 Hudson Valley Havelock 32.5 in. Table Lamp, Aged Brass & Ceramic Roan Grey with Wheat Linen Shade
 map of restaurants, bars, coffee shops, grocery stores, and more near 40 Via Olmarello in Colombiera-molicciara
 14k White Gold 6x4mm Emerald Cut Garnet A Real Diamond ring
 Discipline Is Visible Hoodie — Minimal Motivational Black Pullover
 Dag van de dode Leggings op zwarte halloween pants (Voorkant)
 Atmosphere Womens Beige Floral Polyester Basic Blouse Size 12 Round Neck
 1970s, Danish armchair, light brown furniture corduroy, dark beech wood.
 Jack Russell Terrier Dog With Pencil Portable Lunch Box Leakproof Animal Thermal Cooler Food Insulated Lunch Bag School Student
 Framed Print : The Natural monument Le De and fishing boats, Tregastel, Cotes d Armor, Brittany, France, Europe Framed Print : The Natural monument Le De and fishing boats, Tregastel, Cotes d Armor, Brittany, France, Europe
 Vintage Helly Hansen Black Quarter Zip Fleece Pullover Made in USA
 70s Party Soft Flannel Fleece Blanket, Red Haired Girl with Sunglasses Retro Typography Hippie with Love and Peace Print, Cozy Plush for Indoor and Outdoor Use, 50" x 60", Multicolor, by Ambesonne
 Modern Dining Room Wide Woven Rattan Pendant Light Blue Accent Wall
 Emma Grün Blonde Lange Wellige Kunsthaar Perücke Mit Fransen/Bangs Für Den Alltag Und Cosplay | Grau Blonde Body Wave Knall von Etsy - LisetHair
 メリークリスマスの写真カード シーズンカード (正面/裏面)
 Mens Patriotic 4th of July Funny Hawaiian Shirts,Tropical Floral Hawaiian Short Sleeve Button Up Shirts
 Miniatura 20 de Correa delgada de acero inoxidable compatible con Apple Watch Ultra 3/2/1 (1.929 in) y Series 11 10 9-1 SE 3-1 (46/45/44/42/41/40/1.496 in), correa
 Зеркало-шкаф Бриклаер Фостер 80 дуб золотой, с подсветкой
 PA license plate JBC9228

Problem => Exactly the lines from the one containing "Mens Patriotic 4th" through the last line of the material above are to be returned, with nothing else.

Result of the task =>
 Mens Patriotic 4th of July Funny Hawaiian Shirts,Tropical Floral Hawaiian Short Sleeve Button Up Shirts
 Miniatura 20 de Correa delgada de acero inoxidable compatible con Apple Watch Ultra 3/2/1 (1.929 in) y Series 11 10 9-1 SE 3-1 (46/45/44/42/41/40/1.496 in), correa
 Зеркало-шкаф Бриклаер Фостер 80 дуб золотой, с подсветкой
 PA license plate JBC9228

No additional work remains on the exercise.